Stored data

═══

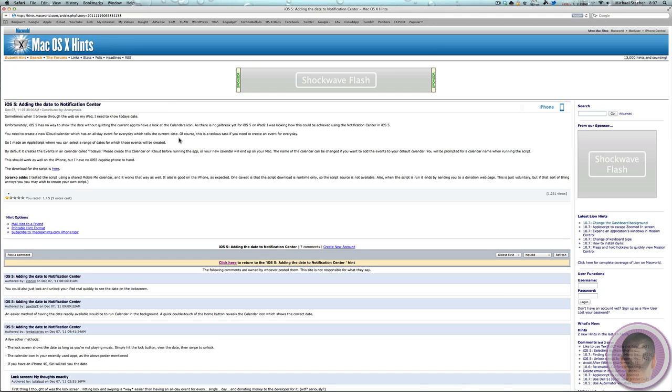So basically what this does is create an iCloud calendar. And with it you can select a range of dates and it will repeat an event for each day and therefore show the current date continuously every day in Notification Center.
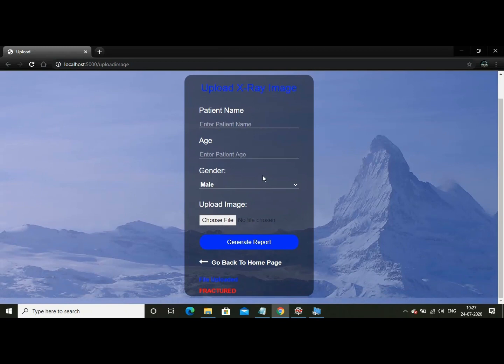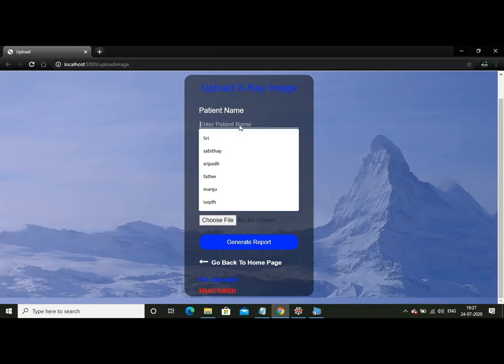Now let us try some different scenario, like some picture which is not fractured.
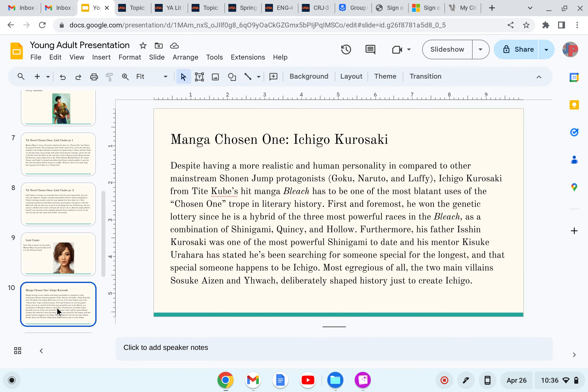Manga chosen one, Ichigo Kurosaki. Despite having a more realistic and human personality compared to the other exaggerated mainstream Shonen Jump protagonists such as Son Goku, Naruto Uzumaki, or even Monkey D. Luffy, Ichigo Kurosaki from Tite Kubo's hit manga Bleach has to be one of the most blatant uses of the chosen one trope in literary history. Not manga or anime, I'm talking like all kinds of books.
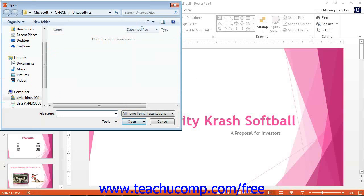It may be helpful to sort the files by the Date Modified column to display the listing of recoverable files by date, as the file names will not be of much use in determining their content.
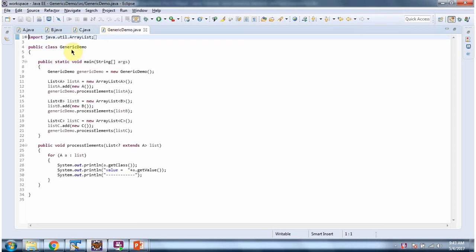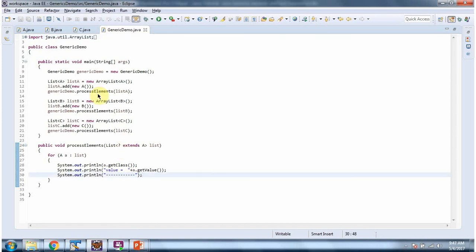Here I have defined the generic demo class. It has the processElements method. This method accepts a list and the list can contain instances of class A or instances of subclasses of A. Here I am calling processElements and passing list A, which contains instances of class A.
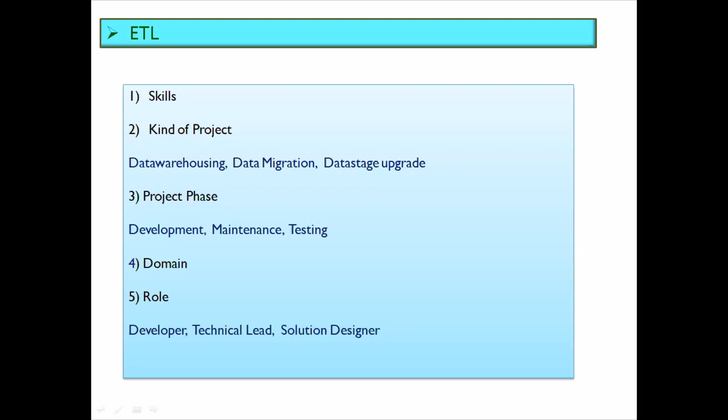You can add the domains in which you have worked, such as banking, retail, or telecommunications. And lastly, you can mention the roles you have played — for example, working as a developer, then progressing to technical lead, or working as a solution designer. These are the five or six broad points you should cover: skill sets, kinds of projects, project phases, domains, and roles.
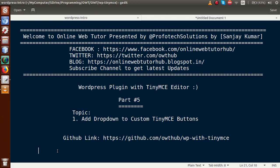Hello guys, welcome to Online Web Tutor presented by ProVotex Sessions team. I am Sanjay. We are learning WordPress plugin with TinyMC editor, and this is our Part 5. In this video session we are going to add a dropdown to our TinyMC toolbar.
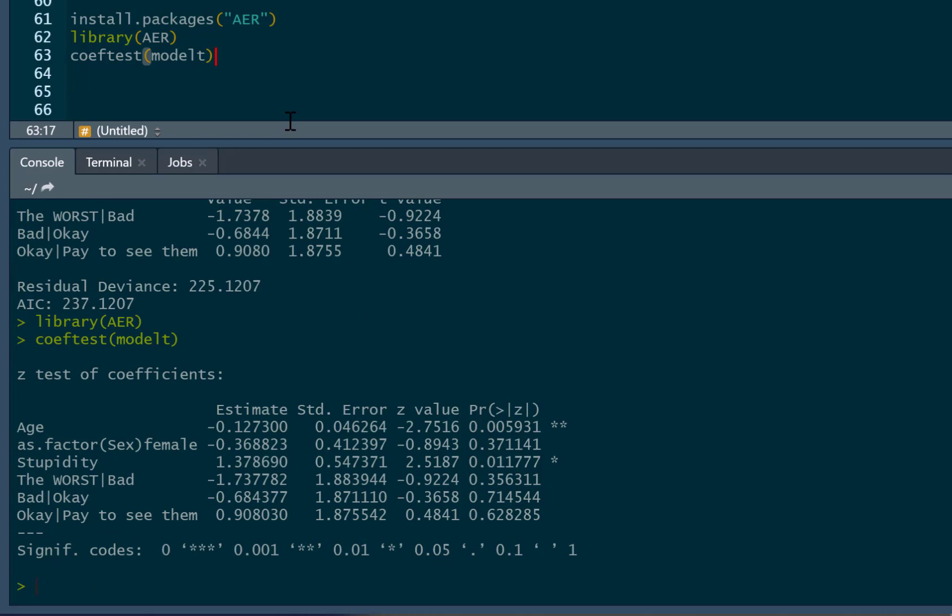And that's it for doing an ordinal regression. It's not actually that commonly used when it probably should be a lot more commonly used because it's quite a useful test. Data and code, as ever, are in the link below this video.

═══

> **ACTIVITY**
What do the entries above read from the line containing "Manga chosen one, Ichigo" through the line containing "You can add"? Output those lines exactly, both ends included, with the pictures left out.

> **OUTPUT OF THE EXERCISE**
Manga chosen one, Ichigo Kurosaki. Despite having a more realistic and human personality compared to the other exaggerated mainstream Shonen Jump protagonists such as Son Goku, Naruto Uzumaki, or even Monkey D. Luffy, Ichigo Kurosaki from Tite Kubo's hit manga Bleach has to be one of the most blatant uses of the chosen one trope in literary history. Not manga or anime, I'm talking like all kinds of books.
It may be helpful to sort the files by the Date Modified column to display the listing of recoverable files by date, as the file names will not be of much use in determining their content.
Here I have defined the generic demo class. It has the processElements method. This method accepts a list and the list can contain instances of class A or instances of subclasses of A. Here I am calling processElements and passing list A, which contains instances of class A.
You can add the domains in which you have worked, such as banking, retail, or telecommunications. And lastly, you can mention the roles you have played — for example, working as a developer, then progressing to technical lead, or working as a solution designer. These are the five or six broad points you should cover: skill sets, kinds of projects, project phases, domains, and roles.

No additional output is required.